On today's #askagent, someone asked if agents check a potential client's blog before offering. Colleen Lindsay responded:

Always. And I don't want to see whining about how many times you've been rejected. A huge turn-off.

I'm always amazed at the kind of information people put on their websites/blogs and other public places. Nobody wants to work with someone who is high maintenance or crazy or just doesn't know how to act professionally. Would you put the following on your blog while job hunting?

It's been five months since I sent my résumé to fifty companies. Only ten wanted to interview me. I went to all of them, but they all said no. I hope I get a better result from the other forty.

Writing feels like “art” and therefore some may feel that they're entitled to act like artistes. That's a huge mistake. Creating a story is art. The other aspects are anything but. Treat getting published like a business and you'll have more success.

P.S. My agent read my blog before offering. I was amazed at the amount of information she was able to garner from my posts, including where I lived, my quirks, etc. So beware!


If You Want to Know How Much Money NYT Bestsellers Make…

…check out Lynn Viehl's post on the reality of a NYT bestseller.


Feel vs. Think

mood: upbeat; well-rested and happy
currently thrilled about: All the King's Women 1st draft
signed up for: another workshop; this time, Holly Lisle's How to Think Sideways

Yesterday went pretty well. I figured out exactly how to end the story, so I'm feeling quite pleased. :)

So here's yesterday's progress:

word count page count
previously written 44,169 216
newly written 4,107 20
total 48,276 236

I want to address one of the points brought up re: Pre-Published v. Unpublished because I got quite a few comments / messages on MySpace.

I'm not against being positive or wanting to reaffirm one's dedication to one's dream. If your goal is to become published, good for you. But…!

If you want to be published, you need to understand how publishing works and present yourself professionally. Misusing terms and misrepresenting yourself do not help your cause.

There are many people who want to feel good, feel validated, feel warm and fuzzy, etc. etc. But it's all about feel, feel, feel.

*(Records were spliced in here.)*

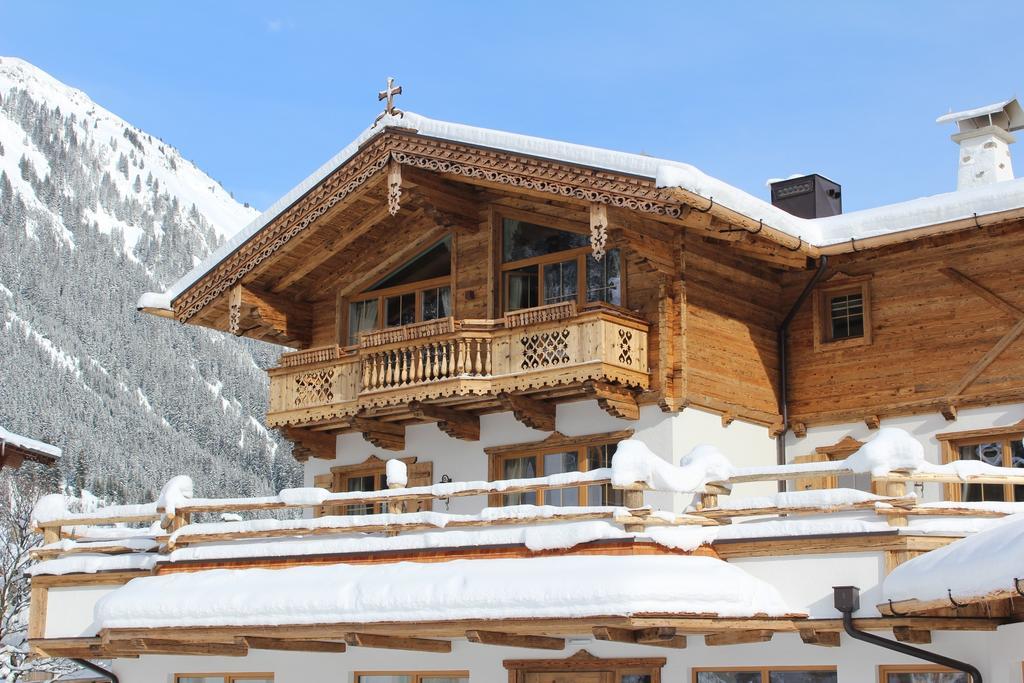 Chaletresort Lech Chalet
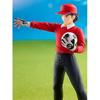 Good Smile Captain Tsubasa: Genzo Wakabayashi Pop Up Parade PVC Figure, Multicolor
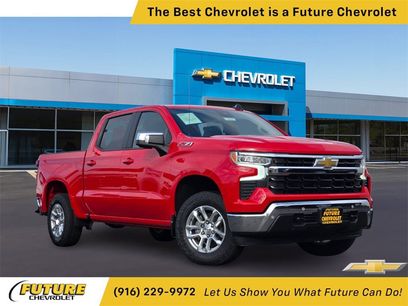 New 2026 Chevrolet Silverado 1500 LT w/ Z71 Off-Road Package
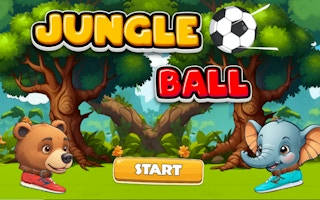 Play Jungle Ball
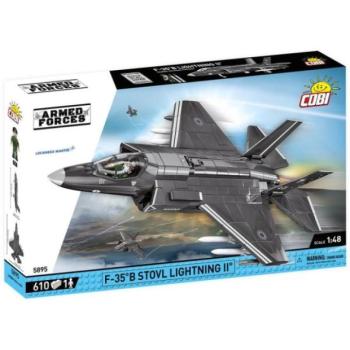 Cobi Fegyveres Erők F-35B STOVL Lightning II kép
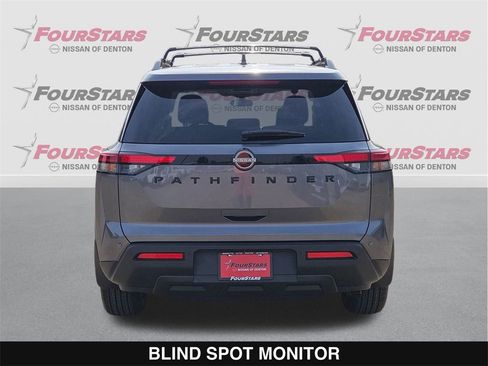New 2025 Nissan Pathfinder SV w/ Black Appearance Package image 5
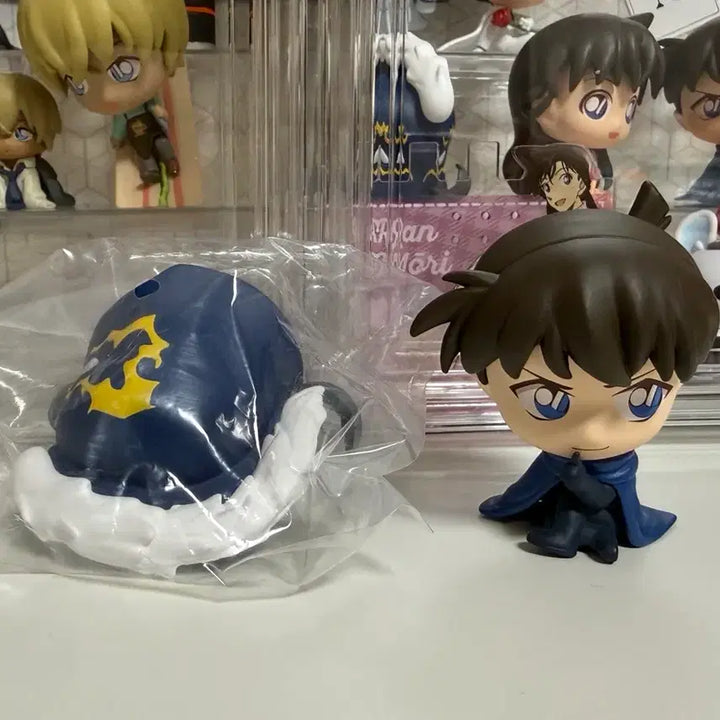 [BUNJANG] Shinichi Kudo Mini Detective Conan Figure / 가격내림) (확정) 새상품 신이치- 명탐정 코난 미니 명탐정 시리즈 피규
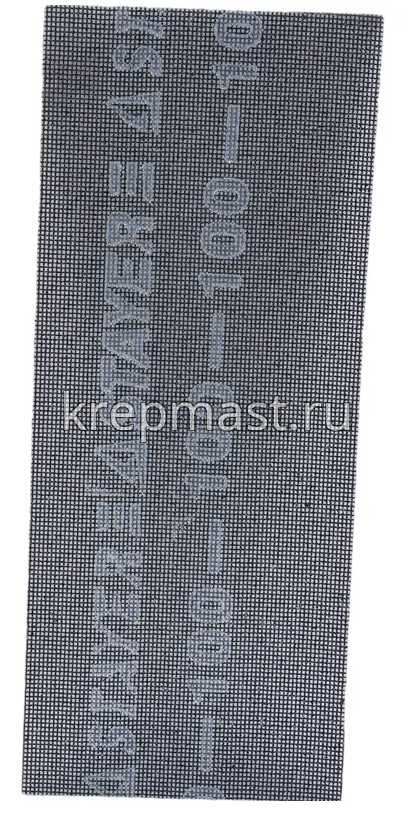 Сетка шлифовальная 11х27см, 10шт (P-100)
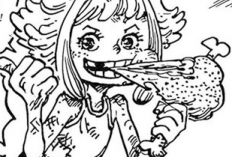 Baca Manga One Piece Chapter 1097 Bahasa Indonesia, Datangnya Cewek Misterius Bareng Ivankov yang Diduga Ibunya Luffy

Forget feel for a moment. Put on your thinking cap and think. Imagine you're an industry professional. Let's say…an agent. And someone misrepresent their publishing credit / status. Even if it was born out of ignorance or desire to feel good, wouldn't you be annoyed that you wasted your time googling the writer's name to see what that person has published?

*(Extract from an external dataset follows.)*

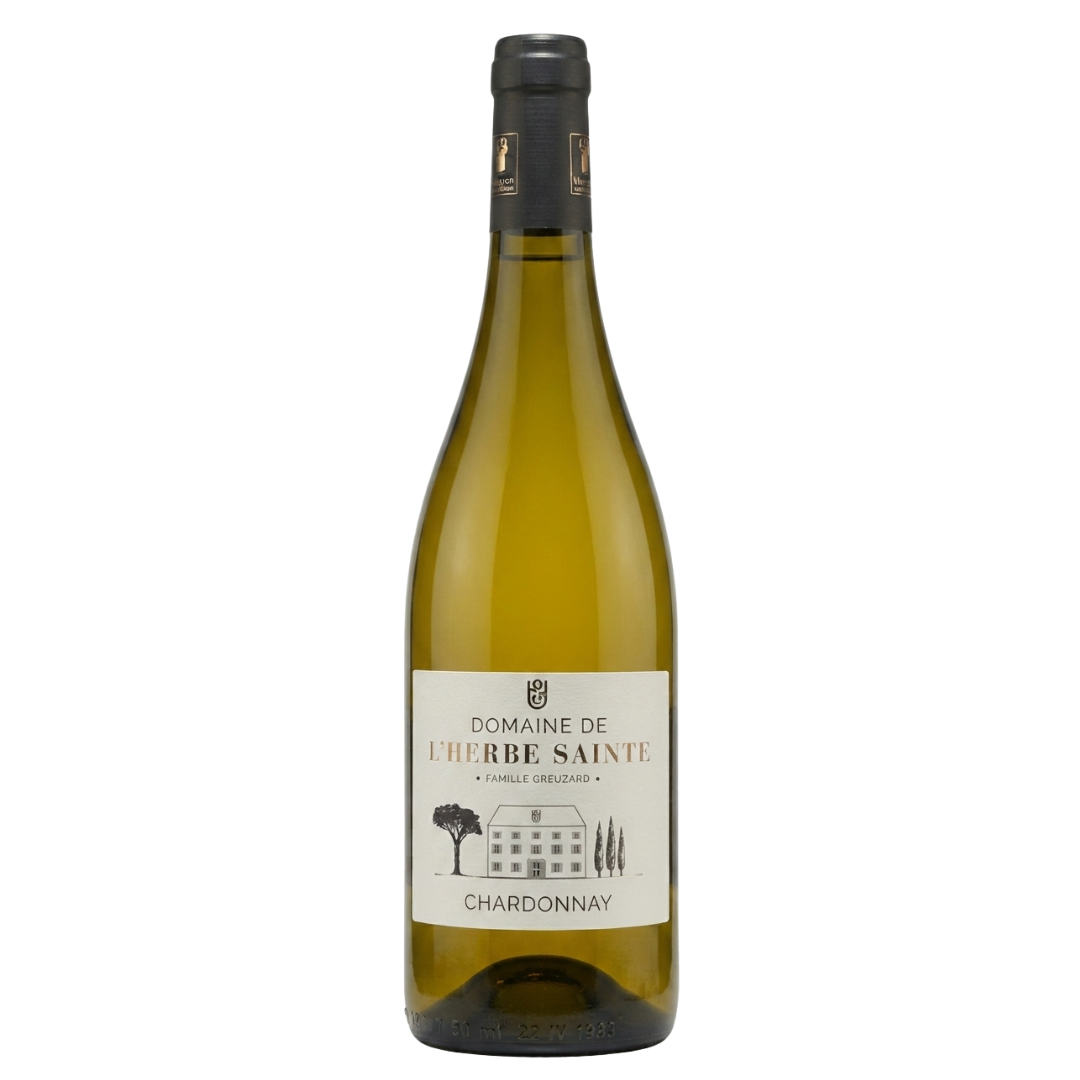 DOMAINE DE L'HERBE SAINTE CHARDONNAY 2025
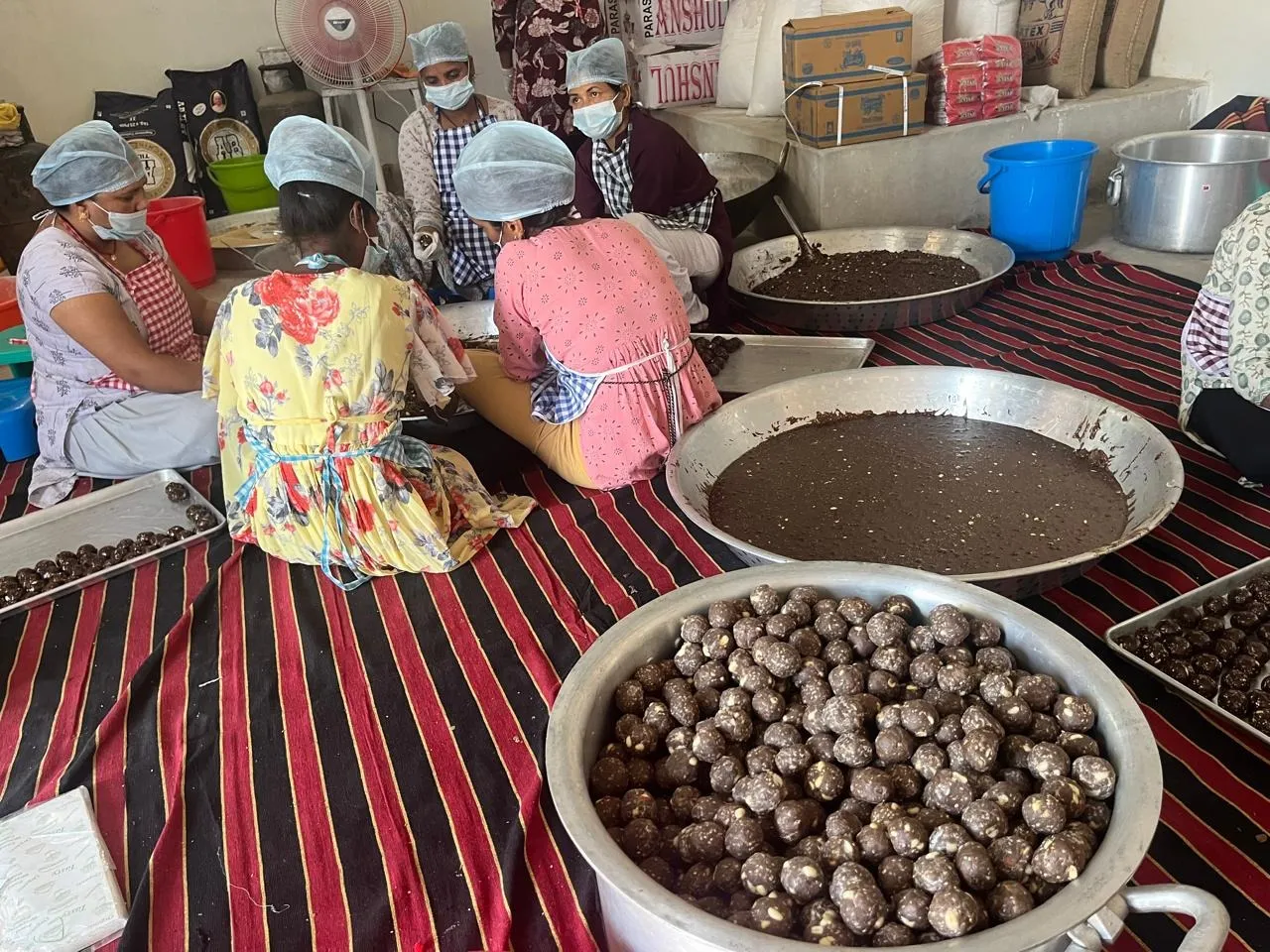 korea modak ladoo (16)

IMHO, most professionals want to work with someone who understands how business works. Someone who's done their homework. And when you're putting yourself out there as a professional, it's not the time to feel, but to think.

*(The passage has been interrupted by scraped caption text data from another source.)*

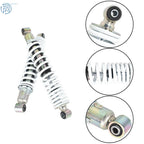 2X Front Shock for Yamaha Banshee 350 (1987–2006) 14.5in White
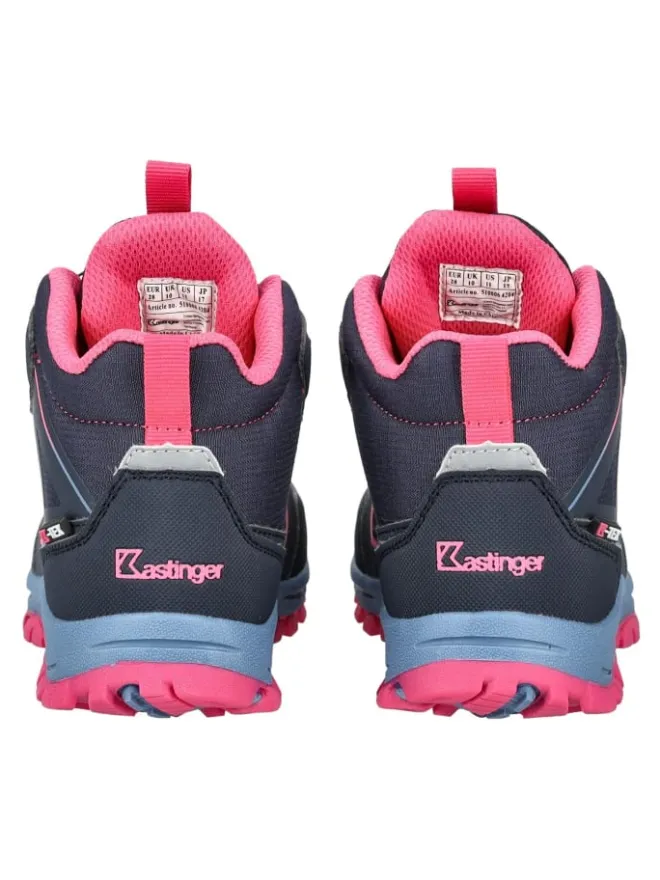 Wanderschuhe in Navy/Pink>Kastinger Discount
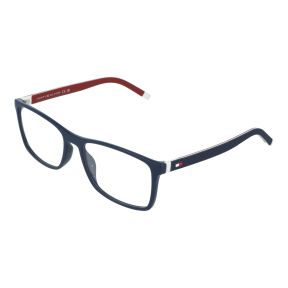 Óculos graduados Tommy Hilfiger TH 1785 Azul Retangular - 1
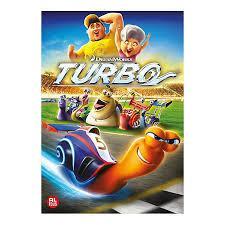 Turbo - DVD, Cd's en Dvd's, Dvd's | Tekenfilms en Animatie, Verzenden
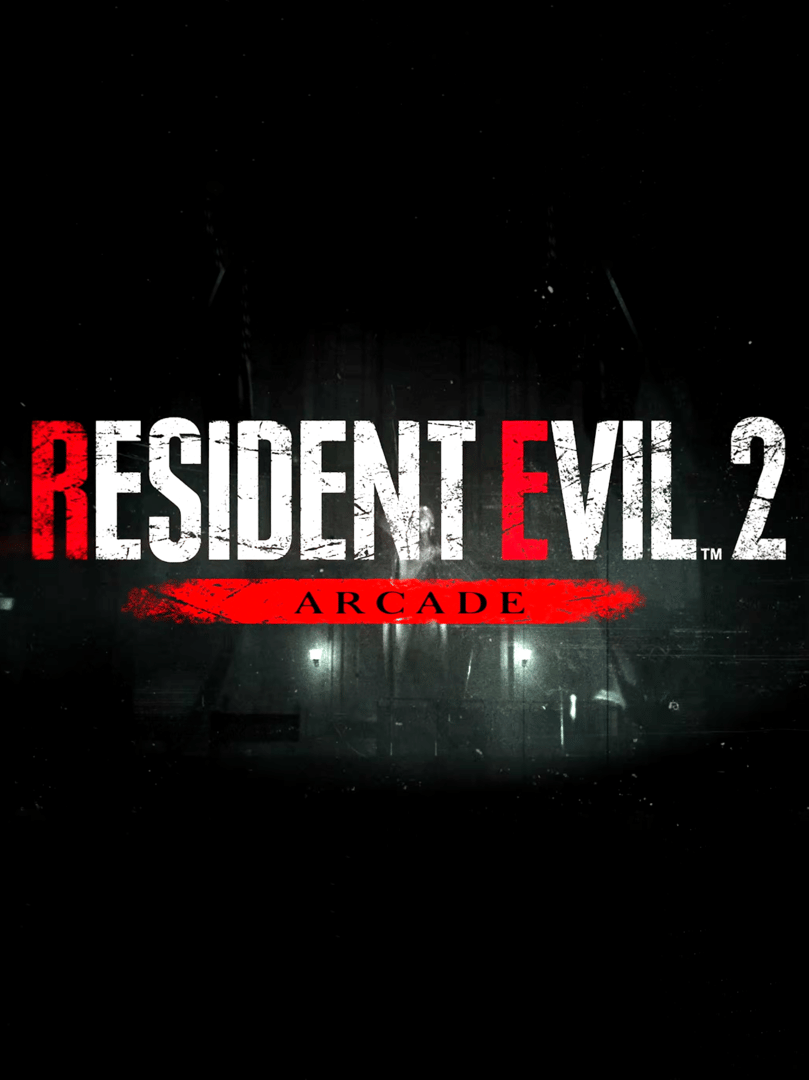 Resident Evil 2: Arcade Cover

Pre-Published v. Unpublished

mood: excellent
cooked: spicy chicken & veggie soup, sweet & spicy shrimp pineapple stir-fry, Cajun potatoes
just watched: You Don't Mess with the Zohan

No writing progress today since today's my official day off. I'm still trying to not write at least two days out of a week, unless I absolutely must (translation: contractual obligations, which I don't have at this point). I'm itching to write a scene, but I must calmly wait. Oi…!

Onto to the real meat of today's post —

I've blogged about it before elsewhere, but decided to repost it since I saw another writer misuse the term “pre-published”.


I hope people would just stop using the term “pre-published” to describe their “unpublished” status. So many unpublished writers use it, like it somehow makes them more special or something to call themselves “pre-published”.

Pre-published is a very specific word describing a very specific situation in publishing. Nephele Tempest, a literary agent, explains:

Pre-published implies that an author has sold a book, but it hasn't actually hit the shelves yet.

I don't understand why people think that calling themselves “pre-published” when they're really “unpublished” is affirming and positive.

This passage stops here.